The founders of Ashoka University are realising this vision with the support of the leading academicians, from Andre Beteille to Christope Jaffrelot, and the likes of Kiran Karnik and Deepak Parekh who mentored students during the Young India Fellowship (YIF).

Skills and values

“The skills and values (critical thinking, team work, communication, social sensibility and commitment) that we acquired over the years was something we wanted young people in the country to have exposure to at an early stage rather than discover later,” says Pramath Raj Sinha, one of the founders at Ashoka University.

The Memorandum of Understanding (MoU) between the University of Michigan and Ashoka University was signed for future collaborations in student and faculty exchanges. “A liberal arts education is an unparalleled foundation for a life filled with creativity and innovation. That is why we are so impressed by the plans for Ashoka University and what they mean for Indian students. We are honoured to be the first public university to be an Ashoka partner,” says Mary Sue Coleman, president, University of Michigan.

“We see this collaboration as an opportunity to contribute our long-term expertise and undergrad experience to Ashoka,” says Prof. Farina Mir, Director of the Center for South Asian Studies at the University of Michigan. Prof.
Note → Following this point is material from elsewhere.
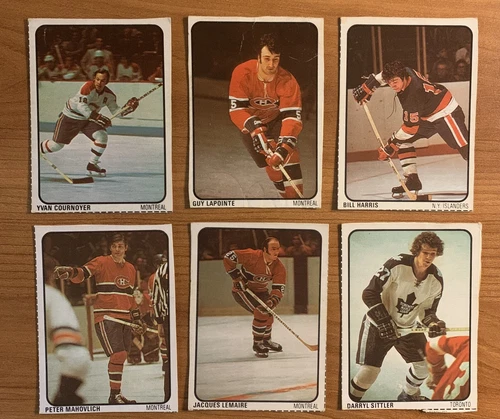 1974 Lipton Soup Vintage Hockey Lot w/ Pete Mahovlich *RARE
Mir emphasised the role of developing the pedagogy at Ashoka in the long run.

Ashoka University which has partnered with the University of Pennsylvania for the YIF, in terms of faculty support, was aided by it in designing the computer science programme.

Likewise, it plans to engage with the University of Michigan for shaping its faculty. Vineet Gupta, one of the founders, says that the University of Michigan will be engaged in the long run in mentoring a young faculty.

Prof. Jonathan Gil Harris, who has taught at YIF, says that he was impressed by the approach of students who enjoyed engaging in discussions, which was opposed to the rote-learning structure he was wary of before making a teaching commitment.

The undergraduate programme, with a multi-disciplinary focus, will be in place from next year. “Ashoka emphasises liberal learning. Knowledge of multiple fields will help students develop a wide perspective,” says Madhavi Menon, Professor of English.

Besides majoring in the core subject of English, Economics, History, Sociology or Computer Science, foundation courses in an array of disciplines from “Mathematics and Logic” to “‘Trends in History” and “Critical Thinking” will be offered. As part of “Ashoka Quest”, students will have to do internships in the social and corporate sector, in addition to elective courses.